Le détail, comme le mobilier, a une grande part d’attention chez Siza, surtout la chaise Thonet, dont il dit que « Le Corbusier l’utilisait tout le temps ». On la trouve encore partout, dans tous les lieux publics ou privés de par le monde. Et c’est dans une exposition de mobilier moderne que Siza, repérant une simple Thonet qui resplendissait (et détonait aussi parmi toutes celles exposées), il s’approche, se penche sur l’étiquette et lis : « chaise Thonet, dessin d’Adolf Loos, 1898 » (p.194).
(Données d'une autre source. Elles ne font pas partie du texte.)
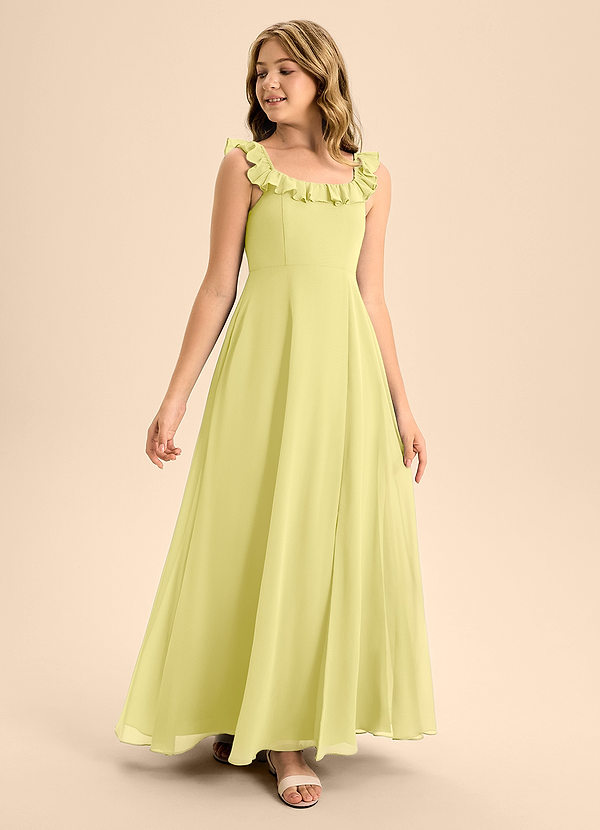 Azazie Callie Junior Abito A-Line in Chiffon Increspato Sorbetto Al Limone image1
Chaise Thonet (hêtre courbé et cannage), dessinée par Adolf Loos vers 1898 pour le Café Museum de Vienne, dont il est l’architecte.

 

Grâce à ses dessins, ce livre d’Alvaro Siza est pour moi sans doute un des plus beaux livres écrit par un architecte, avec « La table blanche et autres textes » d’Alvar Aalto, toujours aux éditions Parenthèses. Les dessins de voyage d’Aalto, surtout autour du bassin méditerranéen, Grèce (Delphes, Olympie, Mycènes, Athènes…), Italie (Venise, Toscane, Sicile…), Espagne (Saragosse, Tolède…), Maroc (Marrakech…) accompagnent ses textes, principalement des discours ou des articles.

               

Siza : Machu Picchu, Pérou (1995)          Aalto : Temple d’Apollon à Delphes, Grèce (1953)

Vincent du Chazaud, 10 mars 2025

(1) Habib Benkoula, Larbi Merhoum, Palabres algéroises – Conversations sur l’architecture, Éditions Barzakh, Alger, 2024.
(2) « Le petit Robert », éditions dictionnaires Le Robert, Paris, 1992.
(3) Faute avouée est à moitié pardonnée
(4) Alvaro Siza, Celui qui n’écrivait pas, textes réunis, traduits et présentés par Dominique Machabert, Éditions Parenthèses, Marseille, 2024.